Still, those buildings that had been restored continued to use the distinctive black and orange tuff (volcanic rock), giving the city a unique architectural style.
The town is built out from Verdanants Square, a vast area flanked by the Cathedral of the Holy Mother of God at one end and the Holy Saviour’s Church at the other. The cathedral has been fully restored since the earthquake in black tuff, with two of its predecessor’s spires preserved in the cathedral’s gardens.
The exterior of the church at the other end of the square had also been restored, but inside work still continued. We were a bit surprised to be beckoned into the building site by the man who was working alone inside the church, but it was worthwhile to see just how much of a project it was to restore it to its former glory.
We also came across a picture of the church taken shortly after the earthquake, which was pretty staggering – there was very little left standing.
Our favourite meal in Gyumri was undoubtedly the lunch we ate at Gwoog Gastrohouse. The first dish to come out was heavily buttered scrambled egg with basturma, a type of salty cured beef (not pictured as we ate it way too quickly). Next up was chrov pilaf, a rice side with apricots, dates and raisins (we realise this was a slightly strange accompaniment to eggs, but that was on us!) Finally, a whole plate of lamb dolma arrived, complete with fresh lemon and sour cream. All of this was washed down with a sweet apricot and raisin Kompot, a drink we’d never heard of, but that went down a treat!

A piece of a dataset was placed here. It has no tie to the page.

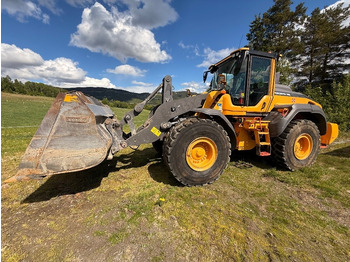 Riteņu iekrāvējs VOLVO L110H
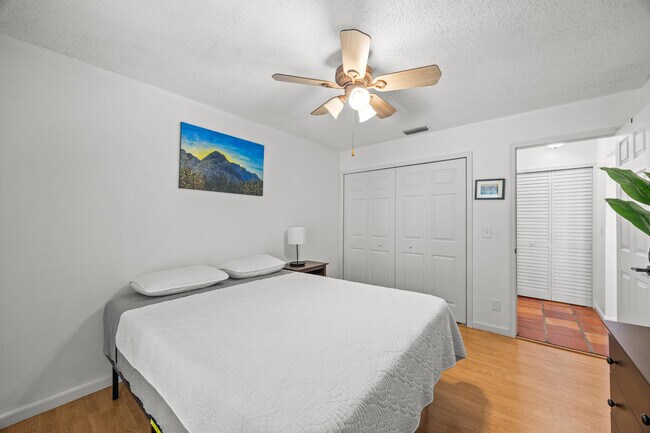 Foto del edificio - 257 Pleasant Wood Dr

We also treated ourselves to a donut each from Ponchik Monchik. These are hollow deep fried dough balls, filled with either vanilla custard, chocolate spread, or jam, and dusted with icing sugar. After demonstrating how much the filling hole looked like a mouth, Sara then painted her nose white with icing sugar with her first bite. Absolutely delicious, and we could probably have eaten two each!
To burn off some calories, we took a walk out to Gyumri’s Mother Armenia – a colossal statue on the edge of town which somehow survived the devastating earthquake. She watches over Gyumri, with one arm raised to the sky and her back clearly turned to the Turkish border less than 10km behind her. Still, her view across Armenia was spectacular.
Just next door to the statue lies the Black Fortress, a military installation built with typical Gyumri black tuff, which has more recently been converted into a live performance venue. Both attractions were eerily quiet, with just the odd wandering tourist and a few local kids out exercising.
We took a short diversion on our way back into town through Gyumri’s Central Park. From the outside, this appeared to be a wild and seldom used park, but once inside, we found that the park was dotted with beautiful architecture and Soviet statues.
As well as yet another amusement park…
After exploring Gyumri’s main attractions, it was time to pay some attention to the increasingly messy matt of hair on my head. We headed to Lux Barber Shop, a traditional barbers filled with wood panelling, mirrors and metal and leather chairs. With my Armenian language skills stretching to “hello”, “goodbye” and “thank you”, I resorted to showing the barber a few photos taken shortly after my last hair cut. He gave the photos a passing glance before leading me towards a chair and picking up the clippers. Sara watched on from the entrance as I had one of the most tense hair cuts of my life, but at least I didn’t have to engage in the normal barber small talk. In the end, the barber did a great a job despite my lack of communication skills, and I left Gyumri looking much smarter than the state in which I arrived.